I refer to the letter “Community interest should not become tyranny of the majority” (Nov 28). “Compromise” is easier said than done.

To consider an issue outside Singapore, to allow for some distance and, perhaps, objectivity, let us take a hot issue in the West, specifically the United States: Abortion. One who is pro-life believes that life begins at conception, or very soon after, and abortion is murder.

One who is pro-choice believes that a woman has full autonomy over her person and should have the right to control what happens to herself. Forcing a woman to have a child against her will is a form of subjugation.

How does one arrive at a compromise? For pro-lifers to compromise, it is to allow murder. For those who are pro-choice to compromise, it is to surrender their autonomy and personhood, and allow others to dictate their lives.

The point is that as long as values — and morality is a set of values — inform one’s position on issues, how does one compromise them? If they are easily compromised, does one really value them?

Or does compromise mean that the other person compromises his heathen values because one’s own values are true and divinely informed?

How do you tolerate other values when they are misinformed and wrong? For if they are not wrong, it would mean that you may be wrong.

How do you respect other values, when they are clearly pagan or simply superstitions masquerading as religious values? For if their values are based on truth, then yours may not be.

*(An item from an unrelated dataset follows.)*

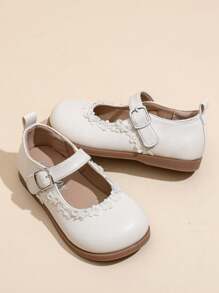 1 para dziewczęcych eleganckich skórzanych płaskich butów z kwiatowym wzorem, odpowiednich na lato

“Tolerance, respect and compromise” are indeed easier said than done, and rest on two other virtues.

First, to respect others requires humility. To tolerate other values requires humility and the niggling suspicion that you might be wrong. To compromise requires an acceptance that your solution may be wrong.

That brings us to the virtue of fallibility or uncertainty. Self-confidence is not the unshakeable faith in one’s infallibility, but a personal commitment to do what is right when one learns what is right.